## Task to complete:
Return the data below exactly, please, but drop the pictures.

## Given data:
'''
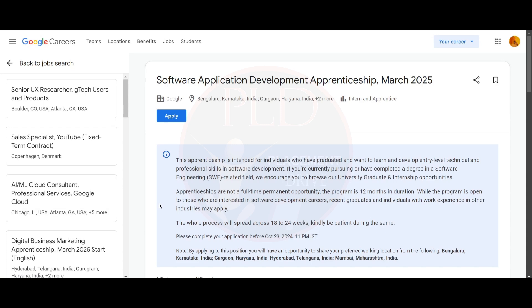Hello everyone, welcome back to our channel. Today we have a job update from Google, and it is a Software Application Development Apprenticeship. The job locations are Bengaluru, Gurugram, Hyderabad, and Mumbai. Now let's see about this role.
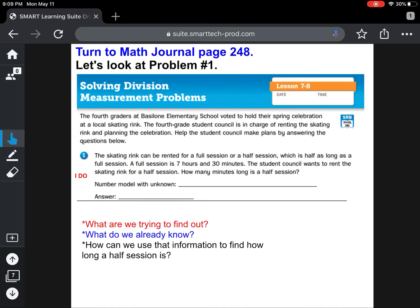The story at the top of page 248 says the fourth graders at Bastlone Elementary School voted to hold their spring celebration at a local skating rink. The fourth grade student council is in charge of renting the skating rink and planning the celebration. Help the student council make plans by answering the questions below. Question one says the skating rink can be rented for a full session or a half session, which is half as long as a full session. A full session is seven hours and 30 minutes. The student council wants to rent the skating rink for a half session. How many minutes long is a half session?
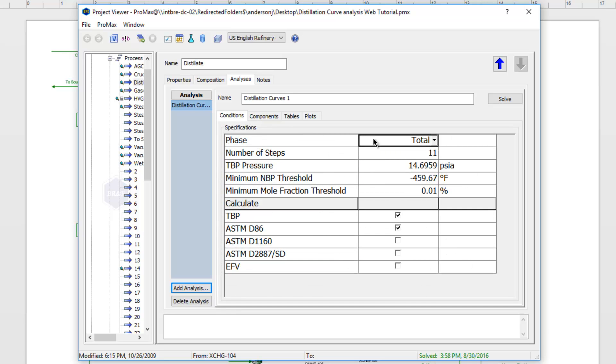First off, we can choose which phase we want to create these curves on. Generally that's going to be your total phase, but you could break that down to just the light liquid if you wanted.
'''
## Written reply:
Hello everyone, welcome back to our channel. Today we have a job update from Google, and it is a Software Application Development Apprenticeship. The job locations are Bengaluru, Gurugram, Hyderabad, and Mumbai. Now let's see about this role.
The story at the top of page 248 says the fourth graders at Bastlone Elementary School voted to hold their spring celebration at a local skating rink. The fourth grade student council is in charge of renting the skating rink and planning the celebration. Help the student council make plans by answering the questions below. Question one says the skating rink can be rented for a full session or a half session, which is half as long as a full session. A full session is seven hours and 30 minutes. The student council wants to rent the skating rink for a half session. How many minutes long is a half session?
First off, we can choose which phase we want to create these curves on. Generally that's going to be your total phase, but you could break that down to just the light liquid if you wanted.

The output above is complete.